> THE DATA:

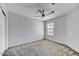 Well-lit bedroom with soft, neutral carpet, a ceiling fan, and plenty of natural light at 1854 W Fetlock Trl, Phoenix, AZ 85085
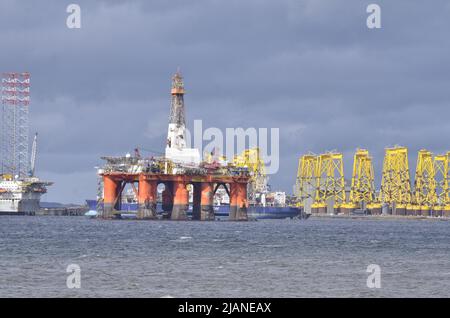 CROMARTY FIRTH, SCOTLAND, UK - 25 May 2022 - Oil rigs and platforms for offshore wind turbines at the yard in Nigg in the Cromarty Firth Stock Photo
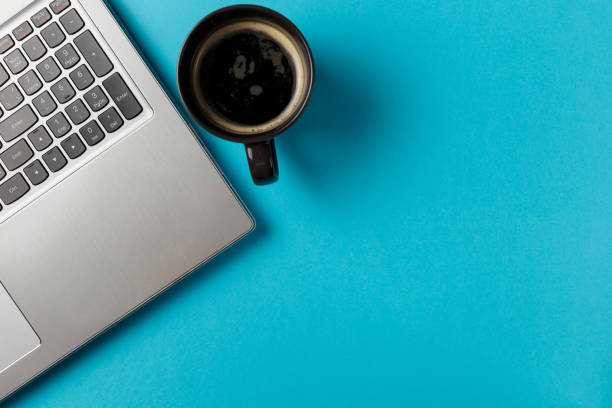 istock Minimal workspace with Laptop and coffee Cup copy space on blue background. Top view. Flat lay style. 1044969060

--

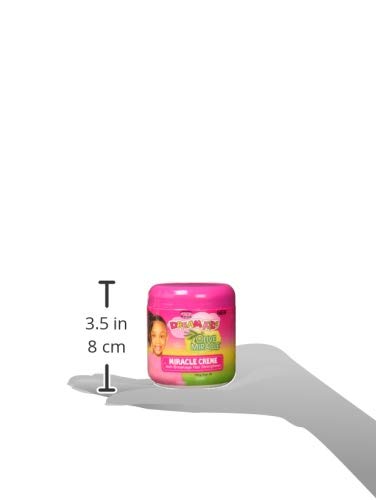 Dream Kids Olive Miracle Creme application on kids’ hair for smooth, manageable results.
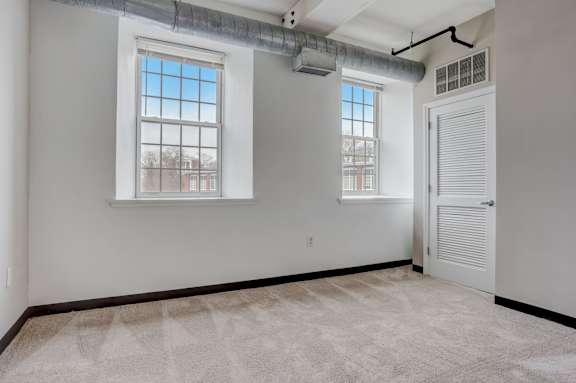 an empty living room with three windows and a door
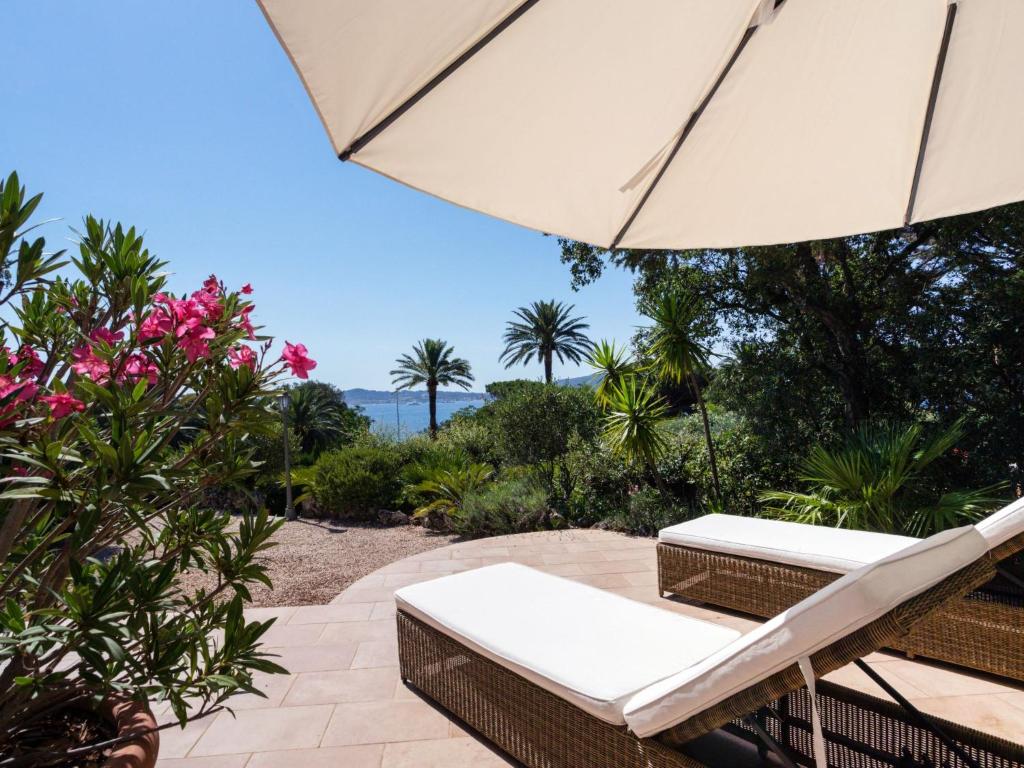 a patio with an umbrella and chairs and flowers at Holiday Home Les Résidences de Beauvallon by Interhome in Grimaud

> ABOUT THIS TASK:
Look above for the line containing "Dream Kids Olive", then write out every line from there down to the line containing "a patio with", that line included, with no pictures.

> ANSWER SECTION:
 Dream Kids Olive Miracle Creme application on kids’ hair for smooth, manageable results.
 an empty living room with three windows and a door
 a patio with an umbrella and chairs and flowers at Holiday Home Les Résidences de Beauvallon by Interhome in Grimaud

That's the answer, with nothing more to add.